The former Border Patrol chief is warning that President Biden’s mishandling of the surge of illegal immigrants at the southern border has caused more than a humanitarian crisis — it’s also created a national security threat because of the number of known or suspected terrorists crossing into the US.
“Over and over again, I see other people talk about our mission, your mission, and the context of it being immigration or the current crisis today being an immigration crisis,” Rodney Scott said in a video message to his agents before retiring on Aug. 14, which was obtained by the Washington Examiner.
“I firmly believe that it is a national security crisis. Immigration is just a subcomponent of it, and right now, it’s just a cover for massive amounts of smuggling going across the southwest border — to include TSDBs at a level we have never seen before. That’s a real threat,” Scott said, referring to the FBI’s Terrorist Screening Database.
Scott, who was pushed aside by Biden in June after serving as the head of Border Patrol since 2020, urged the agents to remain vigilant.
“Your peers or you are taking criminals, pedophiles, rapists, murderers, and like I said before, even TSDB alerts off the streets and keeping them safe from [sic] America,” he said.
“Even if we processed several thousand migrants that day and even if thousands of them were allowed into the U.S., you still took those threats off the street, and I think that’s worth it. So please don’t ever undersell how important your mission is,” Scott continued.
Customs and Border Protection officials told Congress in March that four people — three from Yemen and one from Syria — on the terror watchlist had been arrested at the border since Oct. 1.
In the past two previous fiscal years, fewer than four people on the watchlist were busted at the border. Six people from Yemen and Bangladesh were arrested in fiscal year 2018.
Republican lawmakers have warned that terrorists are blending in with the thousands of illegal immigrants coming through Central America and Mexico to slip into the country.
“Individuals that they have on the watchlist for terrorism are now starting to exploit the southern border,” Rep. John Katko (R-NY) said during a trip to the border in March. “We need to wake up.”

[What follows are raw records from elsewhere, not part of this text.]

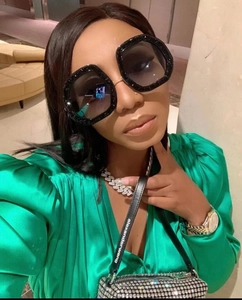 Close-up of oversized oval glitter sunglasses styled with crystal jewelry and green silk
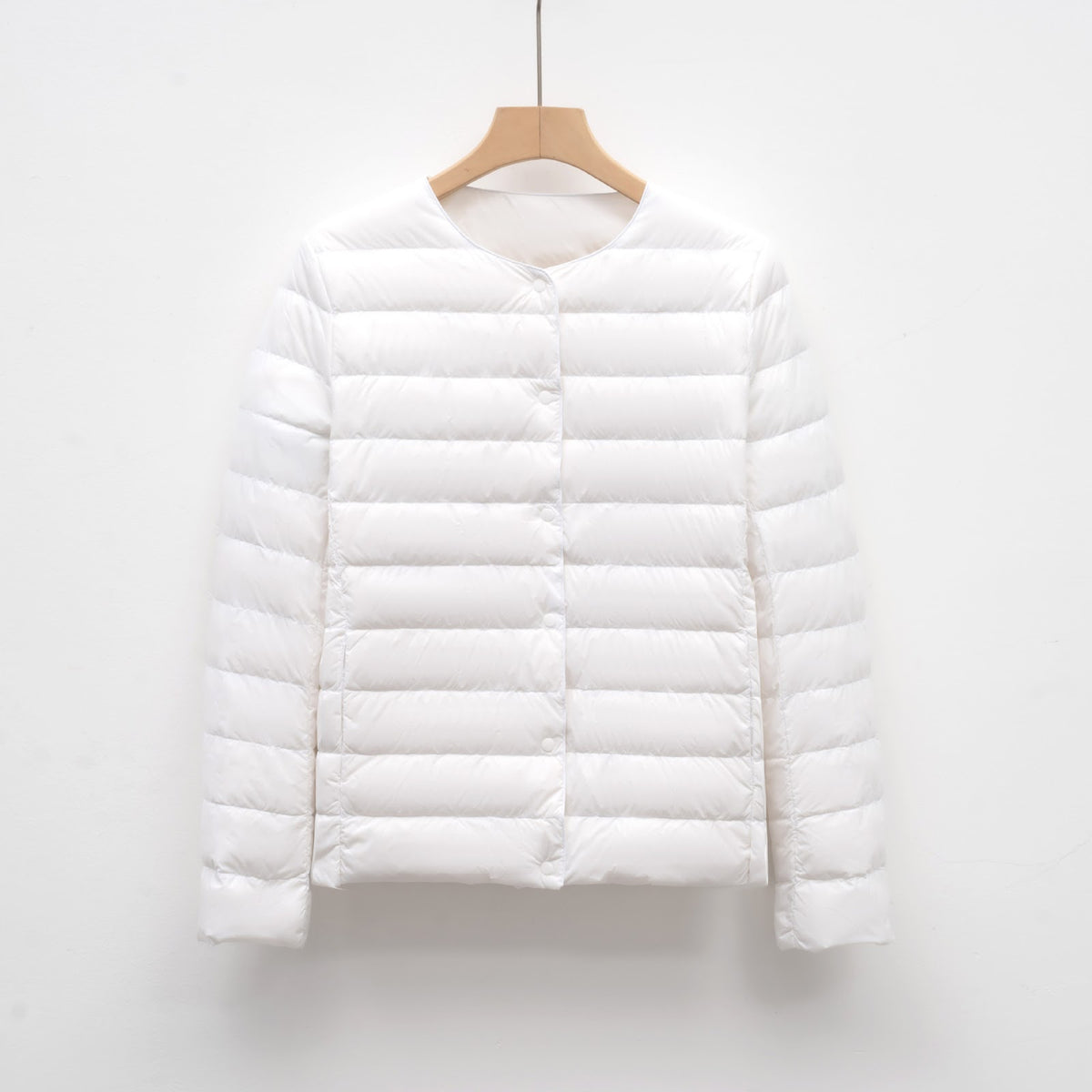 Light women's quilted jacket with round neckline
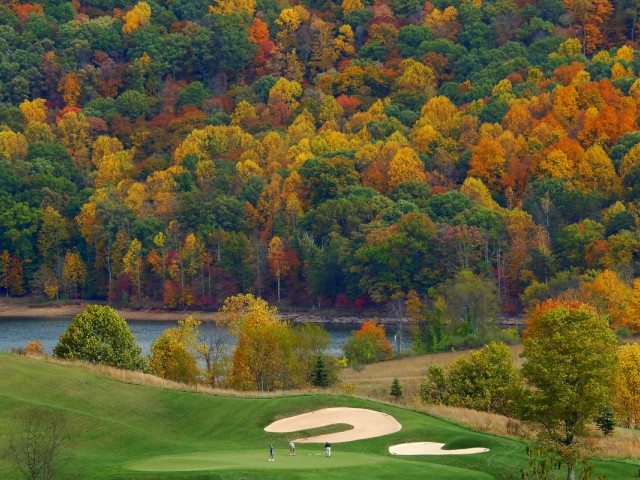 A golf course set against a backdrop of colorful autumn trees, with golfers playing near sand traps and a small lake nearby.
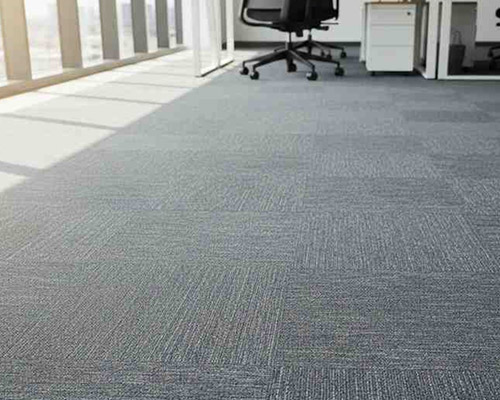 Loop pile carpet tiles installed in modern office space with durable textured finish.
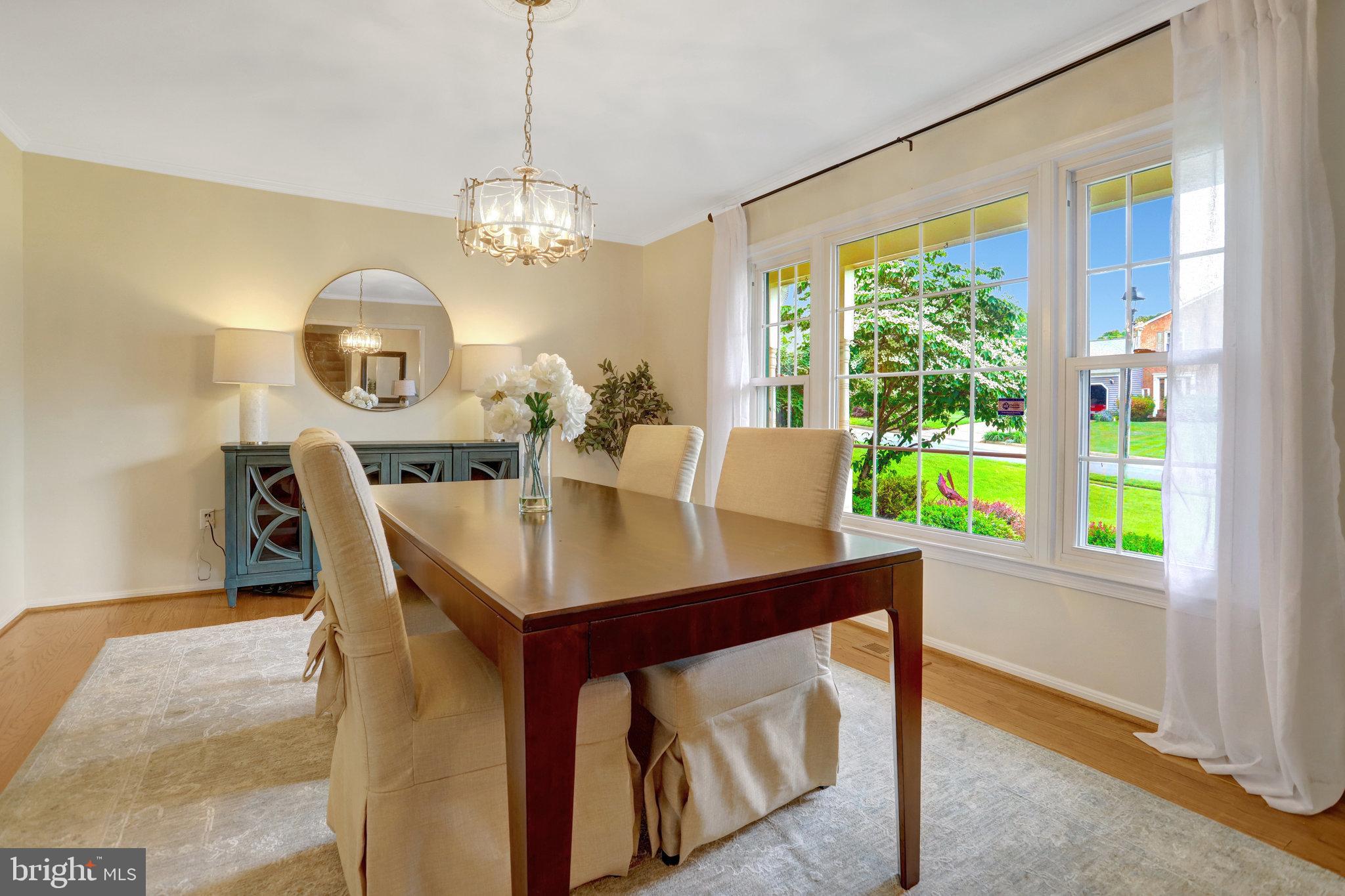 7006 Maple Tree Lane Springfield, VA 22152 - Photo 12 of 49 a view of a dining room with furniture window and outside view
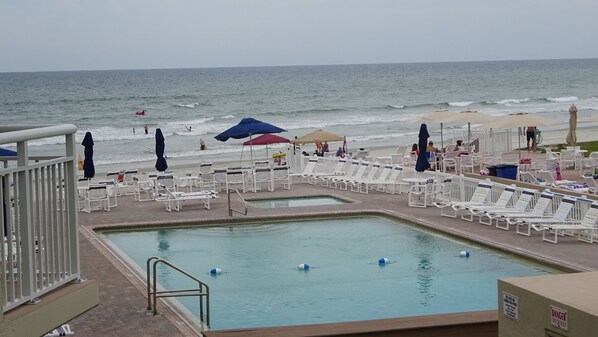 Close up view from apartment balcony of pool deck and ocean.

In July, border officials stopped 212,672 illegal immigrants trying to cross into the US — the highest total in 21 years.
CBP also reported that there have been more than 1.1 million illegal border crossings already this year.
A press release about the arrest of two Yemeni nationals on the terror watch list was deleted from the CBP website earlier this year.
A spokesman told The Post that it had been removed because it had not been properly reviewed for “information related to national security.”
The agency did not provide data about terrorist arrests when asked by the Washington Examiner, saying people stopped at the border undergo multiple screenings.
“While encounters of known and suspected terrorists at our borders are very uncommon, they underscore the importance of the critical work our agents carry out on a daily basis to vet all individuals encountered at our borders,” a CBP spokesperson wrote in an email.
“DHS works with our international partners to share intelligence and other information, including to prevent individuals on the terrorist watchlist from entering the United States,” the official wrote. “CBP adjudicates individuals encountered at and between our ports of entry against several classified and unclassified databases to determine if they pose a threat to national security, consistent with the law.”